• **EXERCISE**: Reproduce exactly, and solely, the lines running from the top of the data below through the line with "Brought to you", both inclusive. Omit pictures.

Collected data entries
┌────────
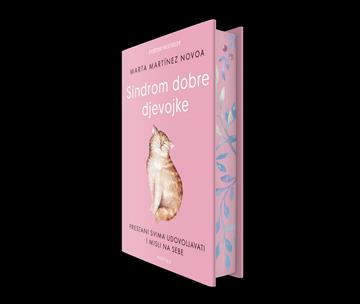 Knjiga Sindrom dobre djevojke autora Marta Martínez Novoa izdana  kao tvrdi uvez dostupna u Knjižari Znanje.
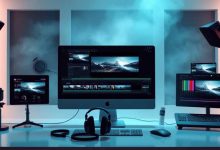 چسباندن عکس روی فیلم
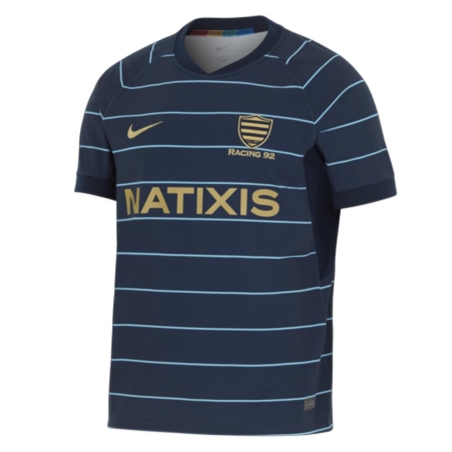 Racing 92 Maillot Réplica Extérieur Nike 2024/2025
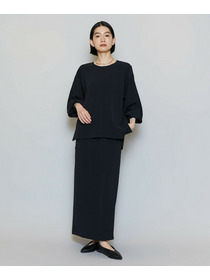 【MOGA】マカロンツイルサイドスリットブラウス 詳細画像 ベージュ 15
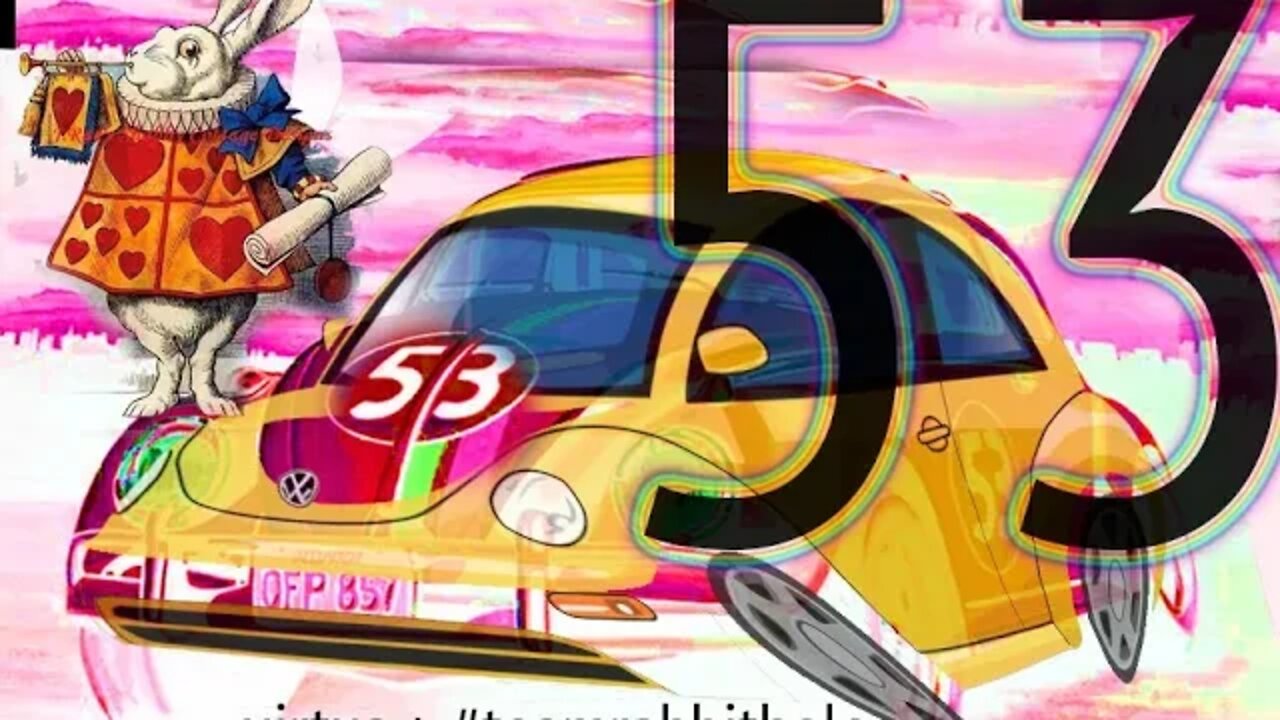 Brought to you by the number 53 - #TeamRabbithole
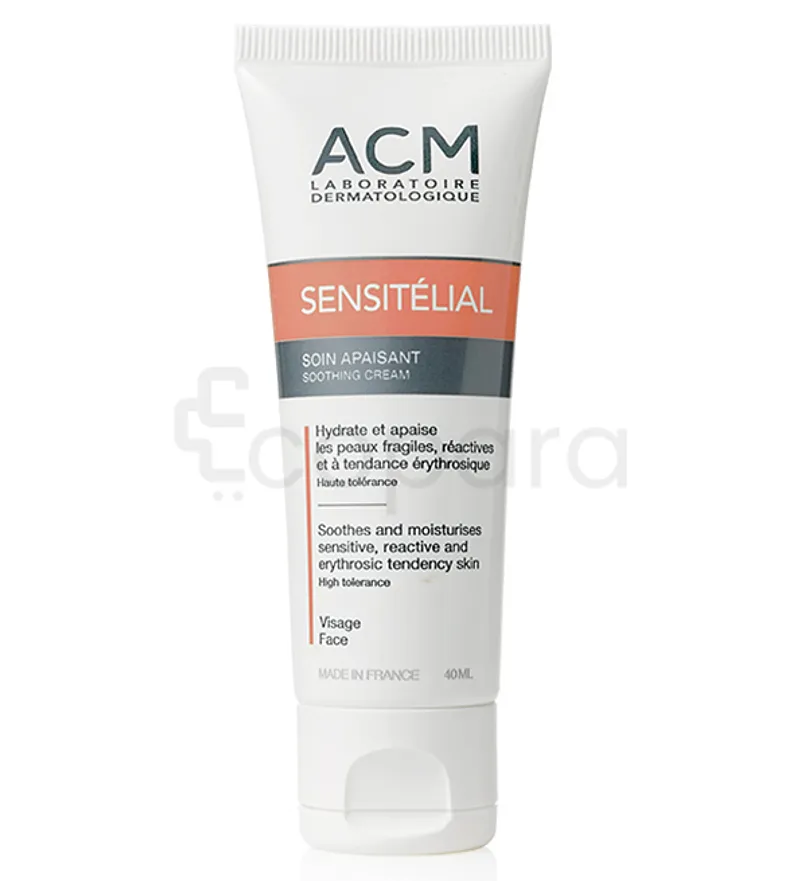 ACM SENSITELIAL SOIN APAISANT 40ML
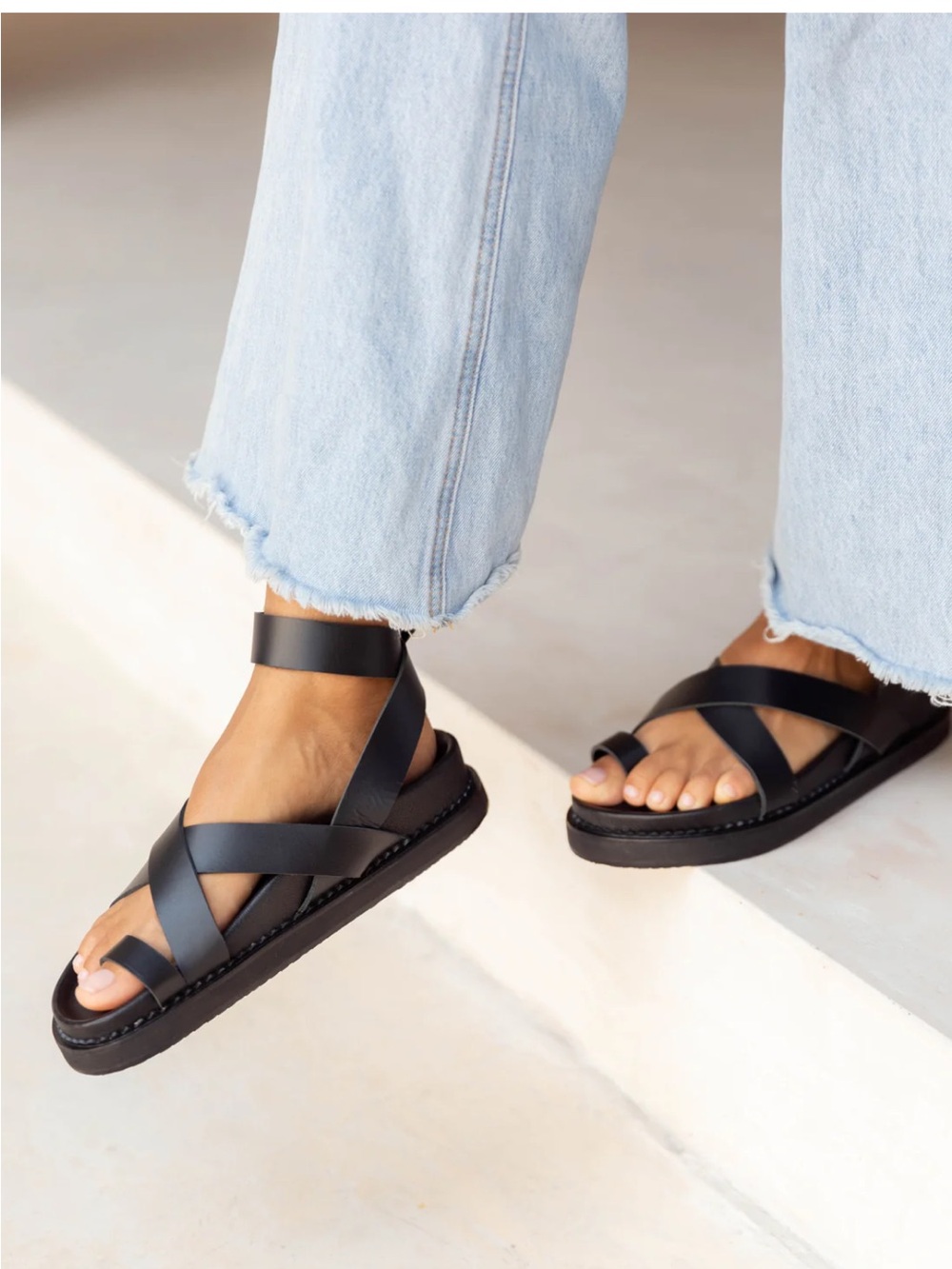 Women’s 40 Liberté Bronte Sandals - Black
└────────
• **SOLVED PROBLEM**:
 Knjiga Sindrom dobre djevojke autora Marta Martínez Novoa izdana  kao tvrdi uvez dostupna u Knjižari Znanje.
 چسباندن عکس روی فیلم
 Racing 92 Maillot Réplica Extérieur Nike 2024/2025
 【MOGA】マカロンツイルサイドスリットブラウス 詳細画像 ベージュ 15
 Brought to you by the number 53 - #TeamRabbithole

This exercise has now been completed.